In this Section we illustrate several tests run with the objective of assessing the robustness of our clustering procedure. First, we want to understand how dependent our clustering results are on the SOM hyper-parameters, see § 2. In table 3 we list several SOM training experiments, run using as input the upper current sheet data scaled with RobustScaler. We change the number of epochs, the initial learning rate $\eta _0$, the initial neighbourhood width $\sigma _0$ (calculated as a difference percentage of the largest map side), the random seed used for random weight initialization and the number of SOM nodes $q$. We then list, in the last column, the percentage of points classified in the same $k$-means cluster as with a 5 epoch-long training, $\eta _0 = 0.5$, $\sigma _0 = 0.2\times \max (x,y)$, random initialization seed. The $k$-means clustering is done afresh on the newly trained map. Since the cluster number in $k$-means is assigned arbitrarily, clusters which are assigned the same number in different clustering experiments do not necessarily correspond to similar regions of simulated space. For this reason, before calculating $R$, we reassign cluster numbers, so that the clusters compared during the $R$ calculation indeed match to similar regions of physical space in the simulations.

Table 3. Percentage $R$ of samples classified in the same $k$-means cluster as with a map trained for five epochs, initial learning rate $\eta _0 = 0.5$, initial neighbourhood radius $\sigma _0 = 0.2\times \max (x,y)$, random initialization seed 42 and number of nodes $q= 71\times 93$ when the number of epochs, $\eta _0, \sigma _0$, random initialization seed and $q$ are varied. In all cases, the scaler used is RobustScaler. The inflow cluster, cluster 0, is excluded in the calculation of the matching factor, since we are primarily interested in clusters mapping to the plasmoid region.

In calculating the matching factor $R$ we exclude the cluster mapping to the inflow region (cluster 0, blue), which stays essentially constant notwithstanding the SOM hyper-parameters, since we are primarily interested in clusters mapping to the plasmoid region. Without excluding the inflow cluster, the matching factors increase significantly in all cases, simply due to the amount of data points falling into the inflow region.

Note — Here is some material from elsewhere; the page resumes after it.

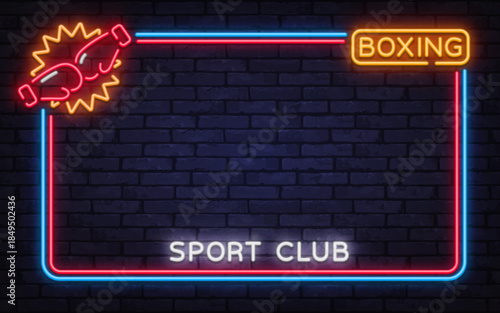 Dynamic neon vector frame with boxing sport club text and striking glove graphic. Great for fitness campaigns, competition banners, and athletic branding.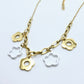 FLOWER POWER Necklace in Gold/White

We notice that the matching factors are very high for all cases in table 3; our classification procedure is significantly stable to the choice of SOM hyper-parameters. The high matching factors can be explained noticing that map nodes may individually change with different hyper-parameters, but not so much as to give rise to significantly different $k$-means clustering results. The parameter that gives rise to the most significant differences is the initial neighbourhood radius. In deciding which initial neighbourhood radius to use in the body of the manuscript, we followed the rule of thumb prescription from Kohonen (Reference Kohonen2014). We see here that, with smaller neighbourhood radius and training on the same number of epochs, the map may have more difficulties reflecting the true structure and topology of the data.

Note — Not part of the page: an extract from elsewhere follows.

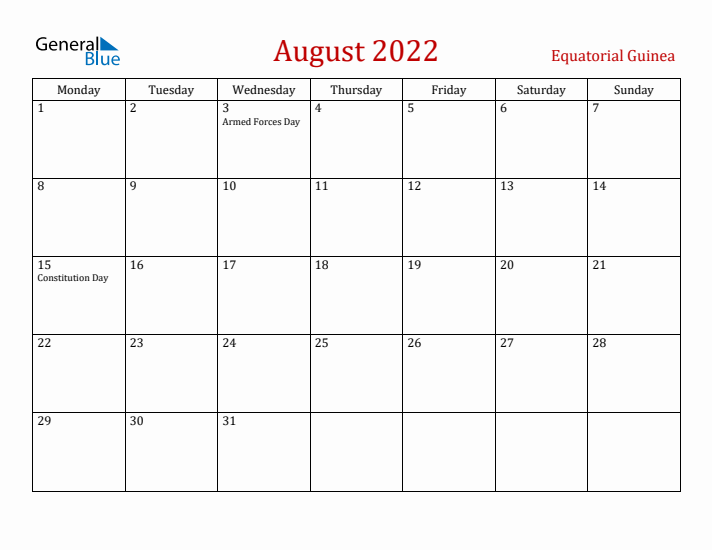 Equatorial Guinea August 2022 Calendar - Monday Start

It is interesting to identify which points in the simulation change clusters ‘more easily’. In figure 10 we plot the clustered points obtained from the SOM trained with the hyper-parameters listed in red and blue in table 3 compared with the reference SOM in (a). We notice that the regions of space which are more affected by the choice of hyper-parameters are those associated with cluster 1, orange and cluster 4, purple, i.e. the intermediate cluster region. This is not a surprise; the two clusters are the most similar and in fact tend to merge when the cluster number is reduced from $k=5$ to $k=4$. Cluster 2, inner plasmoid region, and cluster 3, separatrix cluster, are instead significantly different from the intermediate plasmoid region. The individual matching factors for each cluster in the case with the lowest matching factor $R = 85.78\,\%$ are: orange(1): 86.45 %, green(2): 99.4 %, red(3): 91.79 %, purple (4): 64.37 %. We see that results for clusters 0, 3, 2 (the clusters that physics tell us should be clearly distinct) are stable with all hyper-parameters, even in the worst case scenario, as we expect from the physics of the problem. From this point of view, the fact that a small subset of simulated points tends to be assigned, in different clustering experiments, to either one of the two most similar clusters is not considered a cause for concern.

Figure 10. Clustering of the upper current sheet simulated data, with the SOM used as a reference in table 3 in (a) and the SOMs trained with the hyper-parameters listed in the lines coloured in blue and red in (b,c).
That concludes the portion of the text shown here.